Here's some back of envelope math for a six-plex in a decent location in Calgary.
Rent - $1200 per month per unit = $86,400 per year
Expenses - $38,400
- water - $2500 per year
- electric.- $2000 per year
- gas - $5000 per year
- waste - $1500 per year
- taxes - $10,000 per year
- maintenance - $5000 per year
- vacancy - $2500 per year
- insurance - $3000 per year
- landscaping - $1500 per year
- cleaning - $1500 per year
- misc - $900 per year
- management - $3000
Operating profit: $48,000
Cap rate - 4%-5%
Cost - $0.95m-$1.2m
From this, assume every 25 years you have to spend $250,000 on capital expenses. So your actual cash return is 1% lower than your cap rate.

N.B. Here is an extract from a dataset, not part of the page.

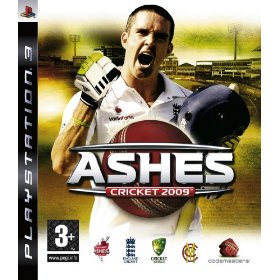 Ashes Cricket 09 PS3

So your cash income is 3%-4% a year. Call that a dividend. You can try to improve that rate with leverage, but it doesn't really make a difference because cost of borrowing is 2.5%-3.5%.
Capital appreciation is the other driver. I'd assume 2-3% a year.
So total annualized return is assumed at ~6% without leverage and ~9% with 50% leverage. It's not substantially better than stocks. Maybe a bit better, but even if you're "hands-off" you can expect quite a bit of "hands-on" work.